My logical side says, show me a study that demonstrates differences in outcome based on when a serious cancer was diagnosed and how long before treatment began. And now I’ve found evidence to support that here- Every month delayed in cancer treatment can raise risk of death by around 10% | LSHTM. Kind of wish I hadn’t! I can rationalize that, in Karen’s case, the need for immediate treatment was actually questionable as there really isn’t much to treat, and she did immediately undergo medication (an aromatase inhibitor, targeting the less-than-5%-prevalence of estrogen-sensitive cancer cells in her system).
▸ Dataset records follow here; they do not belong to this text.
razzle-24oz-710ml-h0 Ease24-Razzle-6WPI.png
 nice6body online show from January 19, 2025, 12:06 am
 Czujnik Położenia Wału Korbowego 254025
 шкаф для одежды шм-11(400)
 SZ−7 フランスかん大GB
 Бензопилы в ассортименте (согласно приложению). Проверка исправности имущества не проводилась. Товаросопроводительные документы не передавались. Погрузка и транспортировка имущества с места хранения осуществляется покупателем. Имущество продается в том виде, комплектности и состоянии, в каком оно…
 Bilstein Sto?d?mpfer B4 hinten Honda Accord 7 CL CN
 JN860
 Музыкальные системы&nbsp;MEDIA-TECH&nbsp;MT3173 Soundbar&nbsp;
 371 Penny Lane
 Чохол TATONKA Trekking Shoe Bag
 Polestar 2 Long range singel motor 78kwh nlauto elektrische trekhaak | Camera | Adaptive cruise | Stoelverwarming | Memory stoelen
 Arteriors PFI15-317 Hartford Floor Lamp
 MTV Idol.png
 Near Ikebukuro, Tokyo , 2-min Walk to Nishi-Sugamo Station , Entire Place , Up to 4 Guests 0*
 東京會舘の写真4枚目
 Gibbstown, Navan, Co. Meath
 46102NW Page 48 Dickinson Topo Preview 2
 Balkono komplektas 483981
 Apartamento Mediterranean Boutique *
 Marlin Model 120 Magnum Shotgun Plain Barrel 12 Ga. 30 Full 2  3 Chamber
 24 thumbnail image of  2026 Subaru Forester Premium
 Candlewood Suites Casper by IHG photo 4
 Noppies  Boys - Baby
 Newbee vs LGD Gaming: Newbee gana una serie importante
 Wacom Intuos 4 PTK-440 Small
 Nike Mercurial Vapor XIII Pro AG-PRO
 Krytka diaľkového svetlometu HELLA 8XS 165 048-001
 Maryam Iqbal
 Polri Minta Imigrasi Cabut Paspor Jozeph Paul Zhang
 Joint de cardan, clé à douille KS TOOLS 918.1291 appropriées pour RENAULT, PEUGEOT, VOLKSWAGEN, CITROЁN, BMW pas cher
As Picard said, the line must be drawn here, this far, no farther. Whatever needs to get done is going to get done, and if we need to move our travel plans around or cancel them altogether, for the best-possible outcome, then that’s what we’ll do.
I wonder if a chemotherapy could be used to arrest or limit progression until surgery.
That was the idea to the aromatase inhibitor. Unfortunately, with chemo, there are only so many shots you’ve got at it. Many of them can only be used once; a few of them simply have a total amount that’s allowed (the most infamous being doxorubicin aka “Red Devil” which damages the heart over time, so if you use too much of it, your heart will no longer take the strain of… just about anything else). So let’s say there are three temporarily-effective chemo treatments that could be helpful to Karen. None of them will cure her. And if we go through them too quickly, there is nothing left for later on. So you use them sparingly, hoping to see a lengthy remission, and don’t start another until there’s a compelling reason to do so.
Prior to Stage 4, you use chemo hoping it is actually a cure, with the cancer not coming back. So you throw everything you can at it, hoping to not have to face a Stage 4 situation down the road.
It’s not a fun thing to have to work through. And in general, the doctors don’t help you figure this out. They don’t want you to be thinking there’s only a certain number of magic bullets and when you run out… On the other hand, you hope to live long enough to find a better treatment that wasn’t available before.